Human rights in business

Human rights in business: A dedicated corporate governance training guide for board directors to know their role. 

It should be no surprise to board directors that your stakeholders expect a fundamental commitment to upholding human rights. 

It may sound “grand-scale” to read it like that, but it translates down to a core day-to-day responsibility: you have a duty to ensure that every corporate stakeholder has their rights upheld, whether it’s during regular business, times of great success or periods of emergency. 

This responsibility starts at the board level. This guide will tell you more.

The evolving landscape: why human rights demand board attention

The expectation for businesses to respect human rights isn’t new, but the key difference is that rules and enforcement are ramping up. Boards need to understand what’s driving this shift.

Stay compliant, stay competitive

Build a better future with the Diploma in Corporate Governance.

Stay compliant, stay competitive

Build a better future with the Diploma in Corporate Governance.

Global standards: UNGPs and OECD guidelines

Two key international frameworks set the stage:

  • The UN Guiding Principles on Business and Human Rights (UNGPs): These are the global gold standard, backed by the UN in 2011. They stand on three pillars:
    1. Governments must protect people from business-related abuses.
    2. Companies must avoid causing harm and address any negative impacts. This means carrying out human rights due diligence (HRDD).
    3. Victims need access to effective remedies, both from the state and from companies themselves.
  • The OECD Guidelines for Multinational Enterprises on Responsible Business Conduct: These government-endorsed guidelines push multinationals to perform risk-based checks across their operations and supply chains. The goal? Spot, prevent, and fix adverse impacts, including human rights issues. The 2023 update raises the bar on climate, tech, and anti-corruption efforts.

These frameworks clearly define expected behaviour for all companies. Human rights impacts are now a risk boards can – and must – foresee, making oversight a core part of their duty.

The regulatory push: mandatory due diligence and reporting

What started as “soft law” is rapidly becoming a hard legal obligation. The European Union is a prime example of this, instituting laws that turn human rights from a ‘nice-to-have’ to ‘must-do’ compliance task. 

  • EU Corporate Sustainability Due Diligence Directive (CSDDD): This game-changing EU law forces large companies in the EU market to conduct thorough human rights and environmental checks across their value chains. They need to find, stop, fix, and report on negative impacts. Failing to comply brings hefty penalties.
  • EU Corporate Sustainability Reporting Directive (CSRD): CSRD beefs up reporting rules. Companies must disclose detailed ESG info, including human rights performance, using new European standards (ESRS). It introduces “double materiality” – reporting on how sustainability hits the company’s bottom line and how the company impacts people and the planet. Expect third-party checks on this data.

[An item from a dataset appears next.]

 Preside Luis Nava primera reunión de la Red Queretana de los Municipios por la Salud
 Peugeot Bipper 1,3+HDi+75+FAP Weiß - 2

Similar laws demanding human rights due diligence are popping up worldwide (think Germany, France, the UK, California). This creates a complex legal maze that requires smart navigation from the board.

Rising stakeholder expectations

Beyond the law, pressure is building from all sides – investors, customers, employees, and affected communities are all demanding action, weaving human rights into their measure of corporate integrity, choosing brands they see as ethical and boycotting those they link to rights abuses. Bad press travels fast, hitting reputation and sales. NGOs and media keep a close watch. 

They form these opinions through a combination of businesses’ actions and media portrayal, which can be challenging to combat once a narrative is created.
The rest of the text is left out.